A consumer group in Tamil Nadu recently approached the electricity regulator to alleviate the 12-hour cuts that cities in the state other than Chennai were facing. Its plea: an equitable approach to power cuts; Chennai has been facing a mere 1-2 hours of power cuts and hogging a good part of the supply. Such situations are pervasive across India. The capital gets regular power supply while the rest of the state is left dark. Perhaps it is time regulators begin considering premium power pricing solutions to alleviate this situation. A lasting solution for power demand in different states is no doubt a difficult one and needs time to address: while new generation capacity is being established, it is not all that easy to import power especially as the transmission corridors are clogged.

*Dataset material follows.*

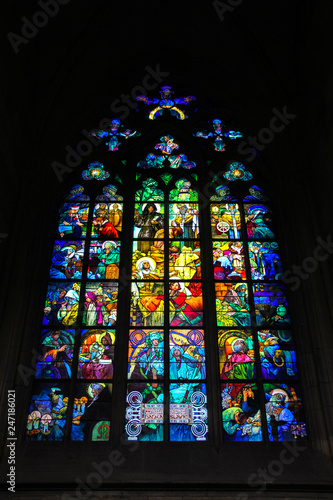 Beautiful colorful old gothic stained glass window in St. Vitus cathedral, Prague, Czech Republic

And once again, capacity creation takes time even if it is on schedule in many parts of India.
In the meantime, what constitutes an equitable solution? After all, consumers in Chennai are in no manner superior to consumers in Kanyakumari at the southern tip of the state—both pay the same tariff.
Regulators have visited this problem in the past. Several years ago, the Maharashtra power regulator set out a code that ensured zero power cuts to Mumbai. Pune again is a no-cut zone. And, perhaps the answer lies in this model. Urban consumers in Pune pay a higher tariff, a premium for uninterrupted supply, as compared with rural consumers around the industrial city.

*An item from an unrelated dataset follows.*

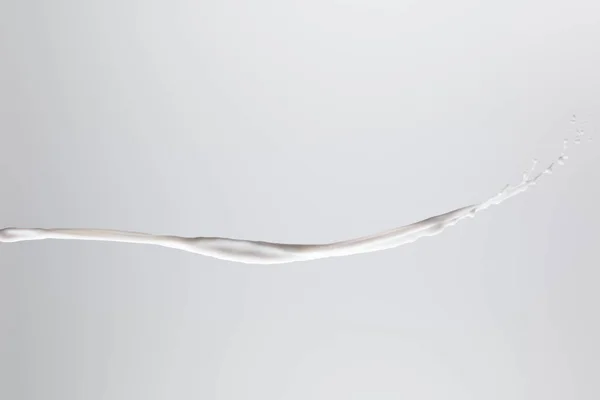 Spruzzi di latte bianco fresco puro con gocce isolate sul grigio — Foto stock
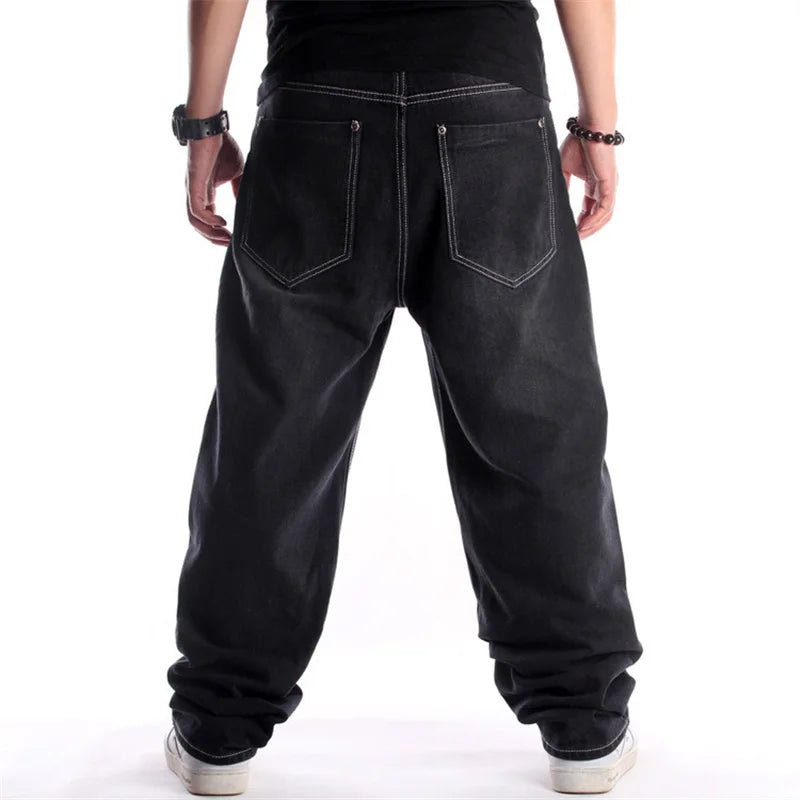 Black baggy jeans worn by a person on a white background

There is no denying that quality supply is essential in the capital city since key government institutions are located there. However, this needs to be fortified with a stiff dose of pricing rationality. Consumers in Chennai must pay a higher tariff for the superior quality of supply.
This adverse supply situation in the state also offers an opportunity to the state government to push strong reform measures without earning the wrath of the public. It must educate the common man on the reasons for the decay; after all, as recent as the turn of the century, the state enjoyed efficient and reliable supply. What has driven the sector to seed is years of stagnant tariffs besides free power supply to farmers. Citizens need to be constantly reminded about this to ensure that yearly tariff hikes are implemented smoothly. This will help finance new plants, afford purchase of expensive power and keep power cuts to the minimum.
Should India’s “privileged cities” be charged higher prices for uninterrupted supply of power?